We work with small and medium sized businesses loans from $10,000 to $300,000 in industry categories that have been traditionally underserved by the banks. When we first started, Canadians were not used to alternative lending and finance. But, as we have developed our platform and consumers have gotten more comfortable, they have embraced it more and more. They specifically appreciate the speed, that is, being able to get financing within three to five days and the convenience of uploading bank statements online.

“We work with small and medium sized businesses loans from $10,000 to $300,000 in industry categories that have been traditionally underserved by the banks.”

Over the course of the years, we began accumulating a lot of data to differentiate between good and bad loans. Then we began introducing things like machine learning and artificial intelligence to make even better predictive decisions with large amounts of data. So for us, AI and machine learning are core to our business and platform. The faster we can make decisions and get capital into the hands of merchants, the better it is for them and us.

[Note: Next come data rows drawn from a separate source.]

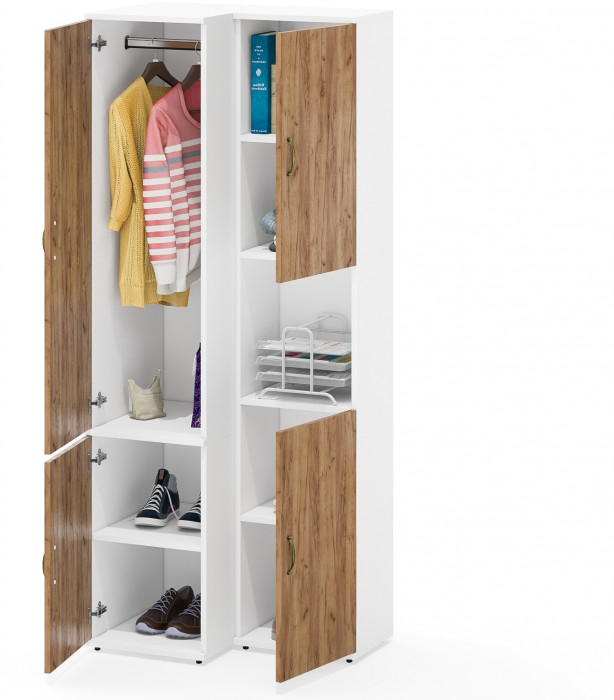 Лидер-8 Модуль Пенал + Пенал МД 23Б, белый шагрень/крафт золото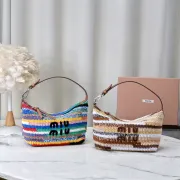 Miu Miu Crochet Hobo Bags: Colorful, Handcrafted Style Statements size:25.5×14×10cm #A53542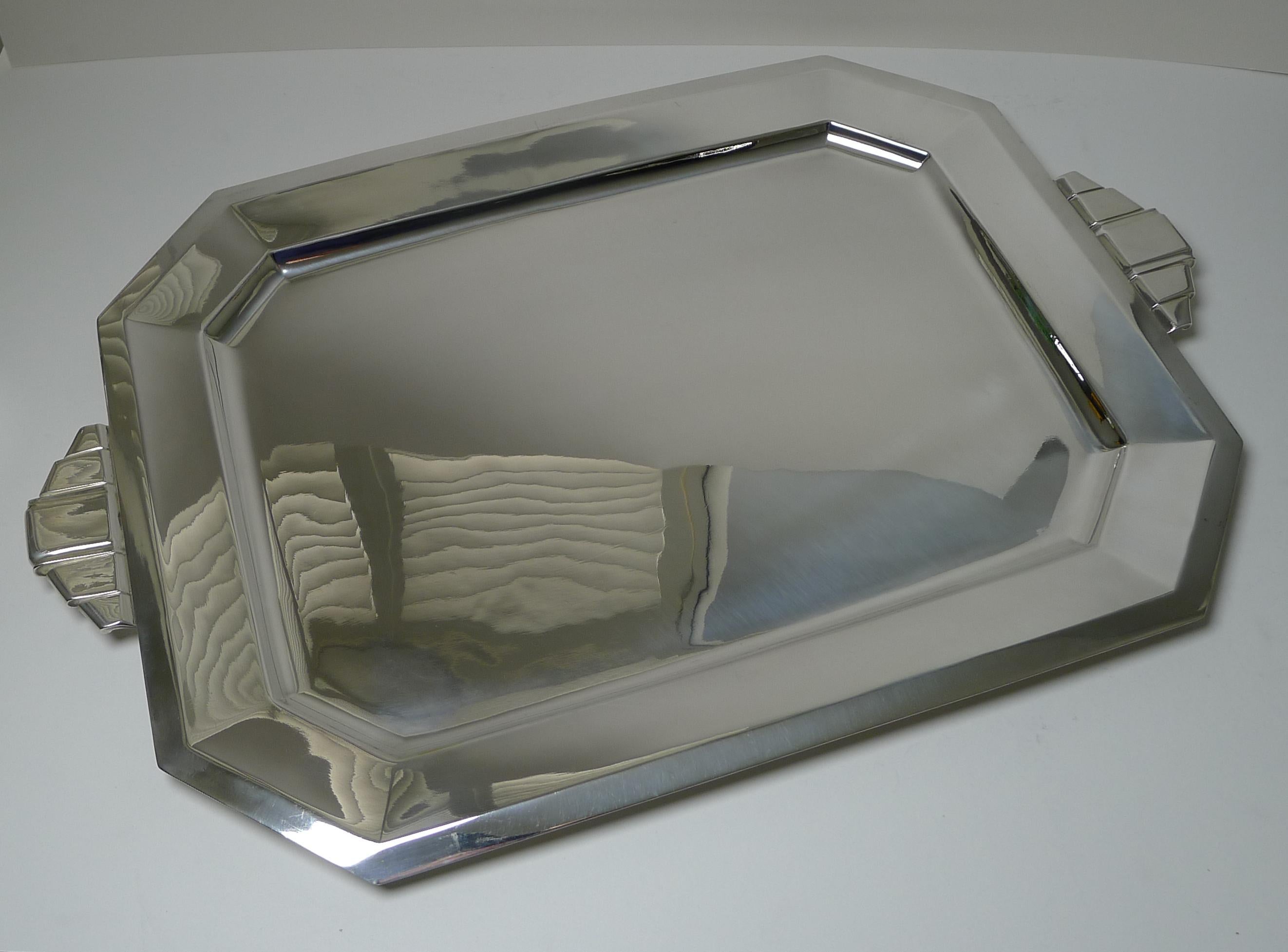 Grand French Silver Plated Drinks Tray by Saglier Freres, Paris, Art Deco For Sale 3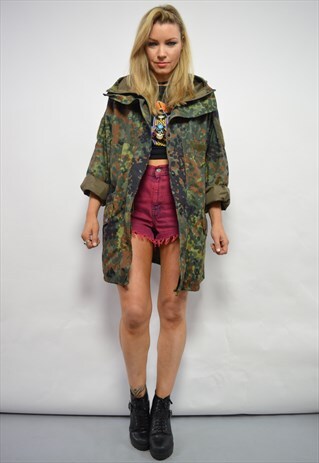 90S OVERSIZED ARMY GREEN CAMO MILITARY HOODED PARKA COAT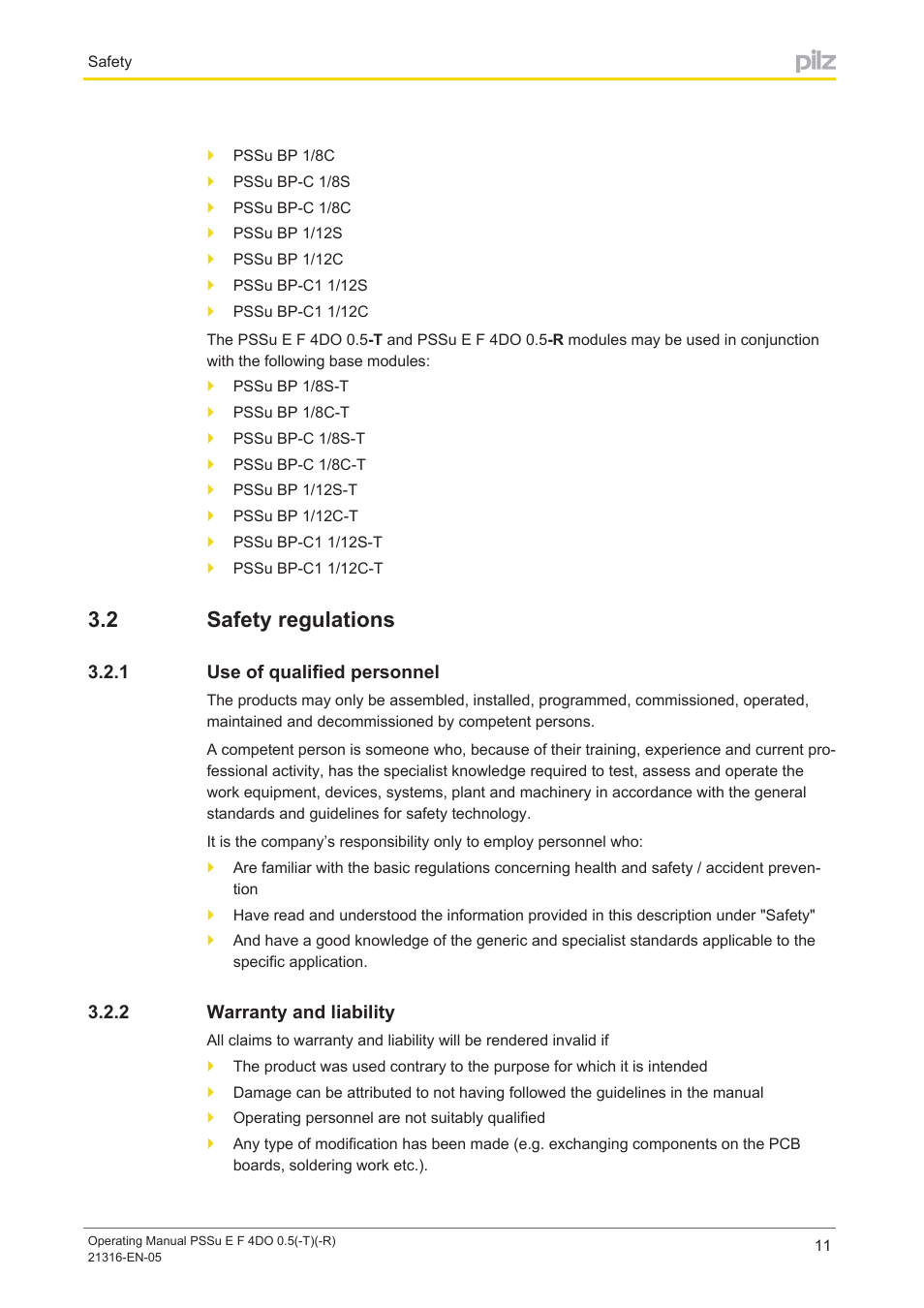 2 safety regulations, 1 use of qualified personnel, 2 warranty and liability | Safety regulations, Use of qualified personnel, Warranty and liability | Pilz PSSu E F 4DO 0.5 User Manual | Page 11 / 40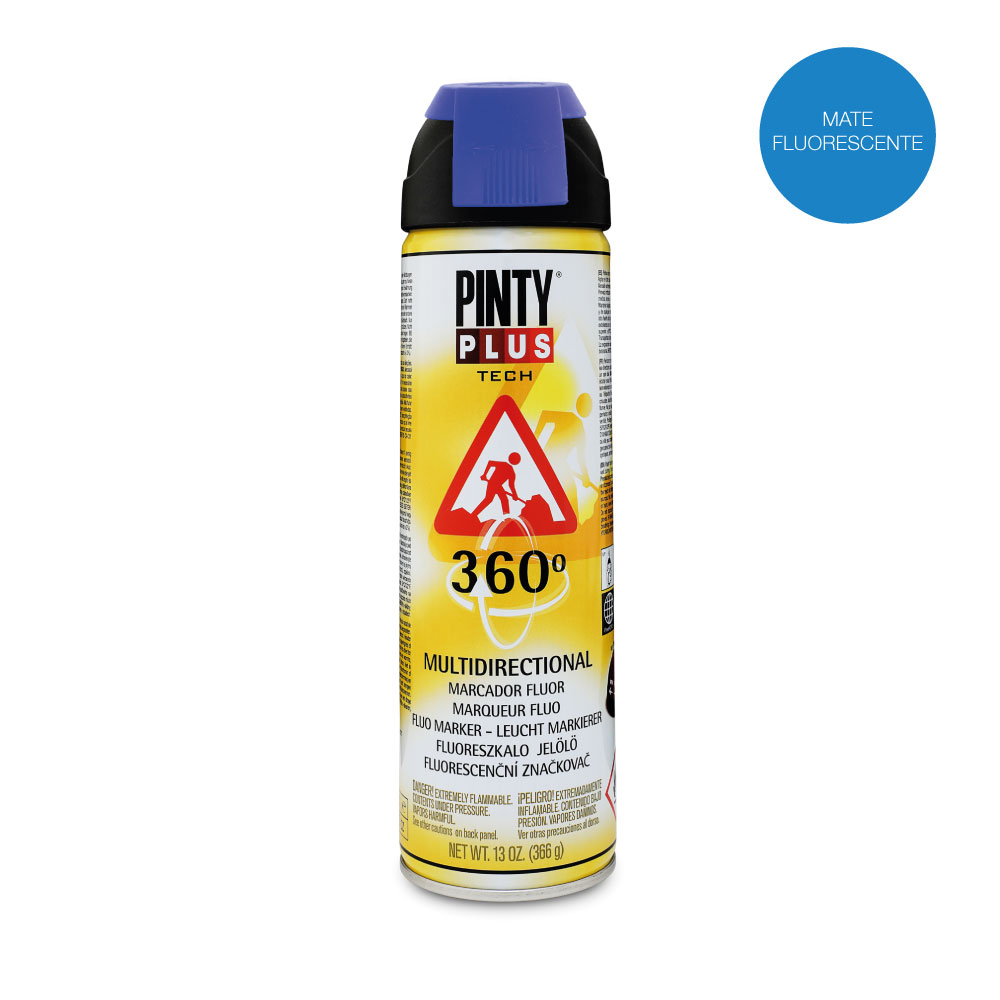 PINTURA EN SPRAY PINTYPLUS TECH 650cc MARCADOR 360° AZUL T118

Technology is at the core of what we do. We have three elements of technology in our platform. The first is the front-end application for businesses to apply for a loan and input the data that we need. The second is our risk algorithm for which we get data from numerous sources in order to make decisions. We get bank data feeds directly from the banks and put them into our algorithm, which gives each loan an Evolocity score. On the backend, our loan management systems digitally handle the entire life cycle of a loan. All of those things are continuously being developed and we do quite a bit of R&D to augment all three areas of our platform. We need to tap into different solution providers or clusters because we do not have all the expertise, particularly in AI. So we are trying to work with universities to bring in talent and work with clusters to help guide our future algorithms, which are going to be much more AI-focused as we move forward.

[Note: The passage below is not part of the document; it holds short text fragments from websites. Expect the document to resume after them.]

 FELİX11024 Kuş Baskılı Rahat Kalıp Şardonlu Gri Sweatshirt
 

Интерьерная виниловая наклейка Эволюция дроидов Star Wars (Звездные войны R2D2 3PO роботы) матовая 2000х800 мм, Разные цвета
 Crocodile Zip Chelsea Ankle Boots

What have been your biggest challenges as a FinTech start-up in Canada?

The biggest challenge was accessing capital. We were either too small for certain players at a certain point, or too big for others. The Canadian banks originally would not lend to lenders, but they eventually got more comfortable with us. However, we had to go to New York to get financing at a certain point because it just was not available in Canada. Having to go to New York to get financing for a Canadian FinTech start-up was eye opening and again, not having a track record in the early days made it a lot more challenging. Once we obtained financing from a hedge fund in New York, we were able to scale the business. Secondarily, we needed to make sure we found, retained and motivated good talent, which is still a challenge.

“We had to go to New York to get financing at a certain point because it just was not available in Canada. Having to go to New York to get financing for a Canadian FinTech start-up was eye opening.”

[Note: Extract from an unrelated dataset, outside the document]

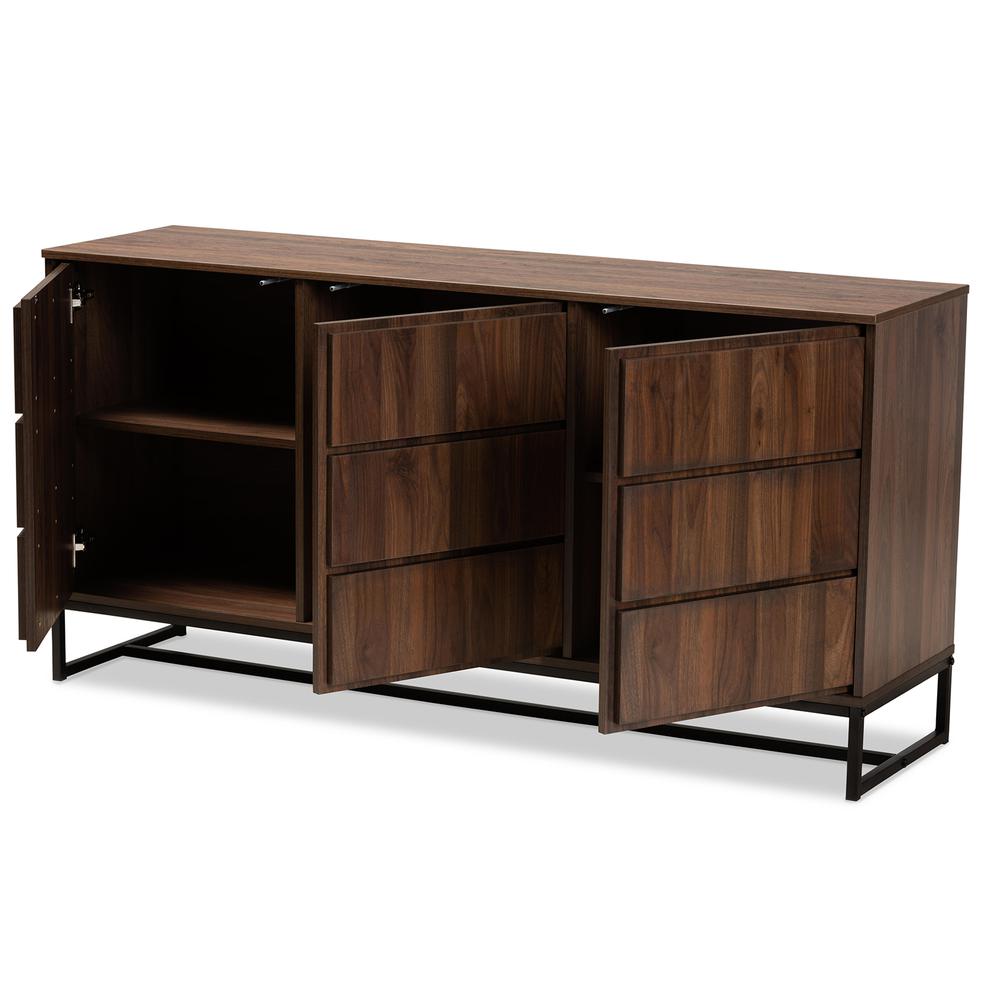 Black Finished Metal 3-Door Dining Room Sideboard Buffet. Picture 11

How do you envision Canada’s future economy, including, but not limited to, FinTech?

I think we are going to see accelerated disruption of the elements that are currently being disrupted. I think the financial services industry will continue to evolve in terms of the disruption we are seeing today. This includes banks shrinking their retail footprint and increasing the digital aspects of their operations.

If we look at the transportation sector 20 or 30 years from now, I can only see a much more disrupted, sophisticated transportation grid that is based on electric energy, so I think the real transformation in transportation is coming and is just beginning now.

“The financial services industry will continue to evolve in terms of the disruption we are seeing today. This includes banks shrinking their retail footprint and increasing the digital aspects of their operations.”

One of Canada’s strengths will be some of the societal conveniences that mobile apps are driving. For example, we are seeing the convenience of ordering meals to your home with a push in an app. I think that will continue to spread to all aspects of society with increasing convenience. We may get a little bit lazier and I think convenience is going to be at the heart of disruption 20 years from now – you are going to be able to push a button for almost anything.